Druck zur Privatisierung
Streik mit Risiken und Nebenwirkungen

Nach den Universitätskliniken bestreiken Ärzte nun auch die kommunalen Krankenhäuser. Die Gewerkschaft Marburger Bund fordert für die Ärzte einen eigenen Tarifvertrag. Dabei nehmen sie in Kauf, dass sie die Privatisierungswelle anschieben.

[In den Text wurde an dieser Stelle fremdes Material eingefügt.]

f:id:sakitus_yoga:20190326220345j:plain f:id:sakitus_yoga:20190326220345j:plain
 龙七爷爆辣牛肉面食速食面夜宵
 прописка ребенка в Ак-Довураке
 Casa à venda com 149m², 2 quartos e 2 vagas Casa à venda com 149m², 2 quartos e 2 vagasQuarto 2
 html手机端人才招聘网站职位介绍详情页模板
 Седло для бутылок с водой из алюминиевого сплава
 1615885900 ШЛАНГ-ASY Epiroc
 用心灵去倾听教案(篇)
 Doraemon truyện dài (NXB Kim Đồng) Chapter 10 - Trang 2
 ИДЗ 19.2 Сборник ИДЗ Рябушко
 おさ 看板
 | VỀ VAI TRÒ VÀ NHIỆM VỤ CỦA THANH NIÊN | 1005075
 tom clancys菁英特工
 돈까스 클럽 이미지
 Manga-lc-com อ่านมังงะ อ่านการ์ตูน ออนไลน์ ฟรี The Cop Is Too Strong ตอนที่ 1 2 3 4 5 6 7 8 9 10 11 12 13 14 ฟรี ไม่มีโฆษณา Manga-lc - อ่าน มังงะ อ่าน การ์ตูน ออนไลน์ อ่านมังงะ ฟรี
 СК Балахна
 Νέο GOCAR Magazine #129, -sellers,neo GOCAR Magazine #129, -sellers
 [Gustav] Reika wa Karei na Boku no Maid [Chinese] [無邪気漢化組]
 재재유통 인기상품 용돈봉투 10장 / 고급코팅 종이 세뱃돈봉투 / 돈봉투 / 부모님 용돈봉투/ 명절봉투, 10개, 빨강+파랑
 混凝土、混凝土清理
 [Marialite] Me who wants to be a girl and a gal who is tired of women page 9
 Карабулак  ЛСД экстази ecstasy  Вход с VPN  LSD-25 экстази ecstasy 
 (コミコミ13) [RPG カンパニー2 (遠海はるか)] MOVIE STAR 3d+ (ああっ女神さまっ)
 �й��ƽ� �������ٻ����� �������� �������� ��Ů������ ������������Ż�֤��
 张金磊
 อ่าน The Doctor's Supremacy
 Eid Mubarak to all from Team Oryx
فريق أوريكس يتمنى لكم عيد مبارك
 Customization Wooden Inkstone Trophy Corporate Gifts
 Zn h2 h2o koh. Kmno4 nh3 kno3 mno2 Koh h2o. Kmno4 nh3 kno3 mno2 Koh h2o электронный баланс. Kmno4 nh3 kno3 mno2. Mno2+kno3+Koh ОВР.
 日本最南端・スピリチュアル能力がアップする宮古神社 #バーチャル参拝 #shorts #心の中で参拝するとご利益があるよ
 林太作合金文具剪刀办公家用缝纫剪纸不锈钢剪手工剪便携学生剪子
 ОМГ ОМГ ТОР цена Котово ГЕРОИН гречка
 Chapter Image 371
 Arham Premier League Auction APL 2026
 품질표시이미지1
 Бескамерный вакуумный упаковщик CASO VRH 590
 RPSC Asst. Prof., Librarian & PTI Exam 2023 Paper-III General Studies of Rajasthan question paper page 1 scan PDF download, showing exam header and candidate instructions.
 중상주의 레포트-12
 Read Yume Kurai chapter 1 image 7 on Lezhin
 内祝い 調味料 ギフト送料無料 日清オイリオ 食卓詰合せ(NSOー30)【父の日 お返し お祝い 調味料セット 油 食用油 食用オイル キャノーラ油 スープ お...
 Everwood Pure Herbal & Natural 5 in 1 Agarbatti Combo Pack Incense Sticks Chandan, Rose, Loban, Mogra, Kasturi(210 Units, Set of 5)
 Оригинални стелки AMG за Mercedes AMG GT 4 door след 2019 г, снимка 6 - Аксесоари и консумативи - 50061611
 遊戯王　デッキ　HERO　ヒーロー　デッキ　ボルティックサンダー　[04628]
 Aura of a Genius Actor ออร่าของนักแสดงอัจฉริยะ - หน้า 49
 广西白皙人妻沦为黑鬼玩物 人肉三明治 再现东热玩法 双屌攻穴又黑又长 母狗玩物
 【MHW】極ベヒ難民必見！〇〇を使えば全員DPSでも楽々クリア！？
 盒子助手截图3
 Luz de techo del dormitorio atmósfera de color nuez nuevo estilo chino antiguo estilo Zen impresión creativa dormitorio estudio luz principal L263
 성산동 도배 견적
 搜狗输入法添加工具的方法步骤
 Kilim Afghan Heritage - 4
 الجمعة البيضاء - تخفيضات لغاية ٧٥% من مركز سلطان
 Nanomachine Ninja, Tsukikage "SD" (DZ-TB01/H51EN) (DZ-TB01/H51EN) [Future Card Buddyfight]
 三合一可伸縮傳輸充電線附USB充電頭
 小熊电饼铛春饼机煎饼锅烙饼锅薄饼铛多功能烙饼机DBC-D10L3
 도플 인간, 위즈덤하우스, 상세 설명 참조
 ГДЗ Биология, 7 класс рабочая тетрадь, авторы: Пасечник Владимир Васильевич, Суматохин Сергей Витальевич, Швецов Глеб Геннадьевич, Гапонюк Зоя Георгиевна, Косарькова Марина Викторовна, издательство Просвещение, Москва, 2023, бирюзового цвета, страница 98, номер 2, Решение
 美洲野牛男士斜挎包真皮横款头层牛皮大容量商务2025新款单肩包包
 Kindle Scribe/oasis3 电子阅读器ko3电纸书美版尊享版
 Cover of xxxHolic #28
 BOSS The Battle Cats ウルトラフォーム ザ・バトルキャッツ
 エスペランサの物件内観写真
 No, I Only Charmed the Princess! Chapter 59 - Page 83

FRANKFURT. Die schwarz-rot-goldene Kriegsbemalung täuscht. Die 120 Ärzte, die sich vor den städtischen Kliniken am WM-Austragungsort Frankfurt gesammelt haben, freuen sich nicht etwa über den unerwarteten Erfolg der Nationalelf, sondern fordern mehr Geld und bessere Arbeitszeiten – wie ihre Kollegen an den Universitätskliniken, die 14 Wochen lang für 30 Prozent mehr Lohn gestreikt hatten und sich schließlich mit den Ländern auf 15 bis 20 Prozent einigten.

„Völlig utopisch“, nennt die Vereinigung der kommunalen Arbeitgeberverbände die Forderung der Ärzte. Der Marburger Bund treibe die Mediziner in einen Streik, obwohl der Gewerkschaft die schwierige finanzielle Situation vieler Kommunen genauso bekannt sei wie die Tatsache, dass eine Refinanzierung höherer Arztgehälter durch die Krankenkassen so gut wie ausgeschlossen ist.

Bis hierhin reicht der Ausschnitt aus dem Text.